L'Avenir greift die Spannungen zwischen Bauern und Supermarktketten über fairere Preise für landwirtschaftliche Produkte auf: Wenn sowohl die Konzerne als auch die Verbraucher einheimische, sprich belgische Produkte bevorzugen würden, wäre das schon mal ein wichtiger erster Schritt zu einer Lösung des Problems. Aber selbst dann müsste noch ein "gerechter" Preis für die Produkte gefunden werden. Der Handel ist allerdings nicht bereit, seine Gewinnmargen zu reduzieren - mit der Begründung, dass er so Verlust machen würde. Also würde sich jede Preiserhöhung unweigerlich im Einkaufswagen der Konsumenten niederschlagen. Die eigentliche Frage lautet also: Sind wir als Verbraucher bereit, mehr für die Produkte unserer Bauern zu bezahlen? Angesichts der aktuellen Margen unserer Portemonnaies kann nur eine substanzielle und direkte europäische Hilfe diese unmögliche Gleichung lösen, meint L'Avenir.
Enabel-Büro in Gaza: Zufall oder Rache?
Jenseits der Bauernproteste sorgt dann aber auch die Zerstörung eines Gebäudes im Gazastreifen für Wirbel. In dem Gebäude war unter anderem das Büro der belgischen Entwicklungsagentur Enabel untergebracht. Belgien hatte deswegen am Freitag die israelische Botschafterin einbestellt.
Die Zerstörung des Gebäudes illustriert auf sehr symbolische Weise das brutale Vorgehen der israelischen Armee im Gazastreifen, schreibt Le Soir. Von den knapp 440.000 Wohnungen, die es vor dem jüngsten Krieg im Gazastreifen gab, sind nach Schätzungen des Wall Street Journal mittlerweile 300.000 zerstört oder beschädigt worden. 27.000 Palästinenser sind tot, unzählige weitere verletzt. Hinzu kommen Hunger und andere Entbehrungen. Der Internationale Gerichtshof geht sogar davon aus, dass in Gaza die Gefahr eines Genozids besteht. Zahlreiche Länder haben dem Hilfswerk der Vereinten Nationen für Palästina-Flüchtlinge im Nahen Osten die Unterstützung entzogen, weil Mitarbeiter des Hilfswerks am grausamen Massaker der Hamas am 7. Oktober und anderen terroristischen Aktivitäten beteiligt gewesen sein sollen. Einige Länder unterstützen das Hilfswerk aus lobenswerten humanitären Gründen aber weiter, darunter auch Belgien. Wir können nur hoffen, dass diese Entscheidung nichts mit der Zerstörung des Enabel-Büros zu tun hatte, so Le Soir.
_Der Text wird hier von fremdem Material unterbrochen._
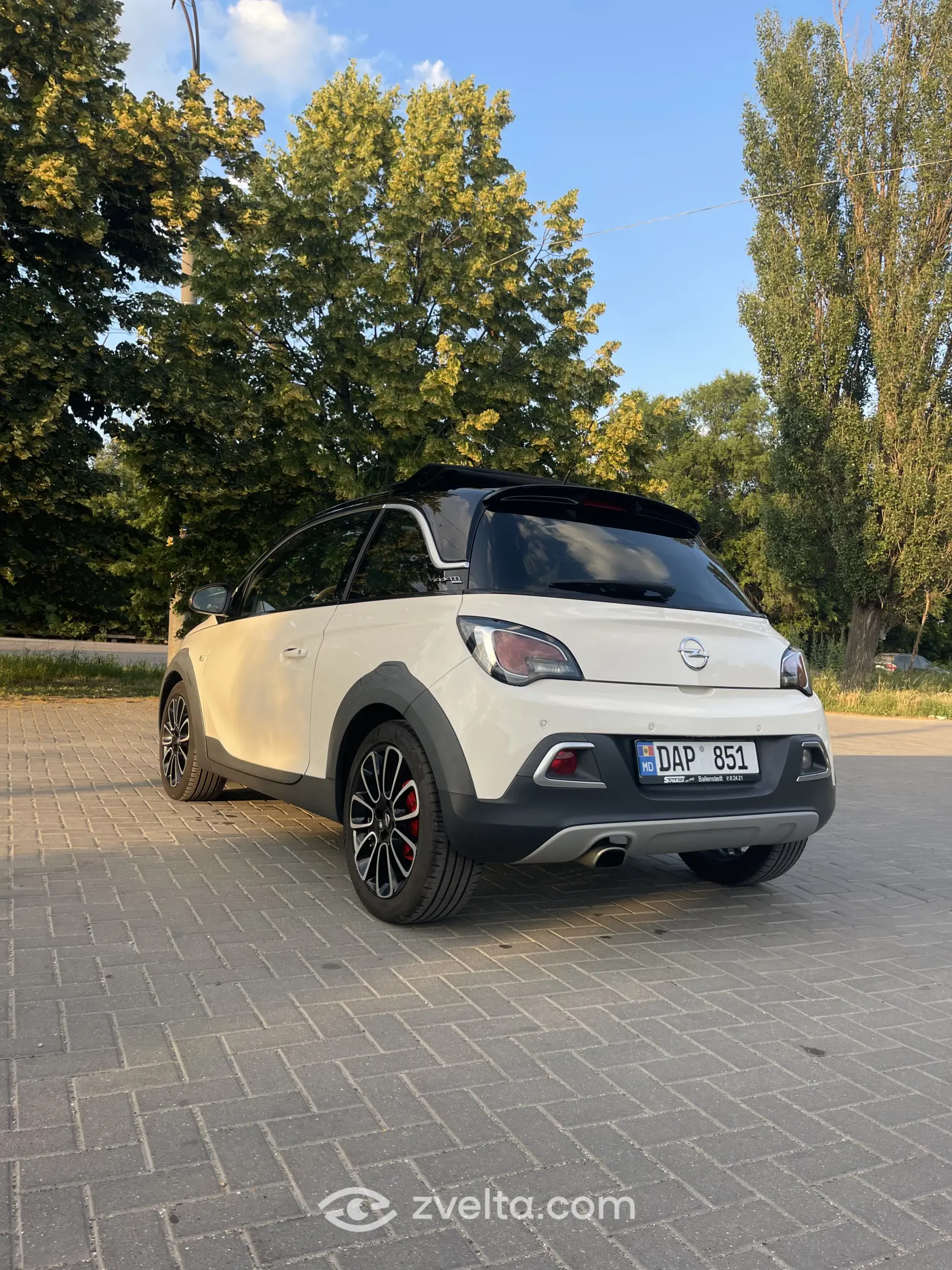 Car photo 6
Der Gazastreifen ist mittlerweile so gut wie unbewohnbar geworden, konstatiert De Morgen. Das befeuert die Fantasien einiger Extremisten in der israelischen Regierung, die Palästinenser zu vertreiben und über die Grenze in die Wüste zu schicken. Aber sie irren sich, wenn sie glauben, dass das eine Lösung sein kann. Je weiter ein Volk zurück in die Steinzeit bombardiert wird, desto mehr machen die Menschen Widerstand zum Kern ihrer Identität. Notfalls, indem sie Steine der Ruinen ihrer Häuser werfen, das hat schon die Intifada bewiesen. Israel hat zwar ein Recht auf Selbstverteidigung gegen den Hamas-Terror, aber durch seine rücksichtslose Taktik der verbrannten Erde bereitet Israel nur den Boden für die nächste Terroristen-Generation. Die einzige Lösung, um diesen Teufelskreis der Gewalt zu durchbrechen, ist die Schaffung eines lebensfähigen Palästinenserstaats neben Israel, mit gegenseitigen Sicherheitsgarantien, appelliert De Morgen.